MATERIAL PROVIDED »
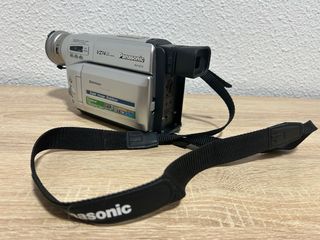 Videocámara Panasonic VZ14 + Accesorios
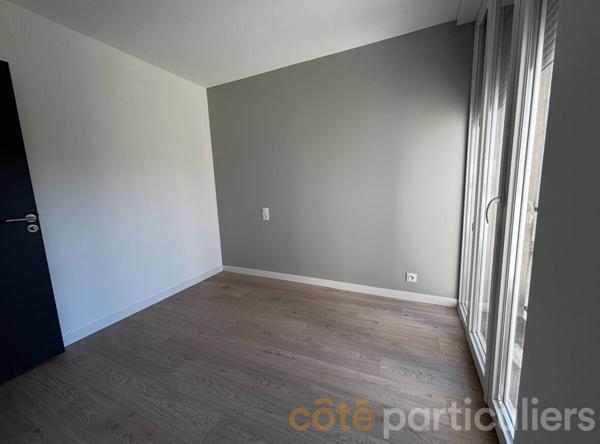 Vente
                Appartement23,66 m² - 1 Pièce -
                    RODEZ (12000)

WHAT TO PRODUCE »
Print the full listing above again with exact wording and no images.

RESULT OF THE TASK »
 Videocámara Panasonic VZ14 + Accesorios
 Vente
                Appartement23,66 m² - 1 Pièce -
                    RODEZ (12000)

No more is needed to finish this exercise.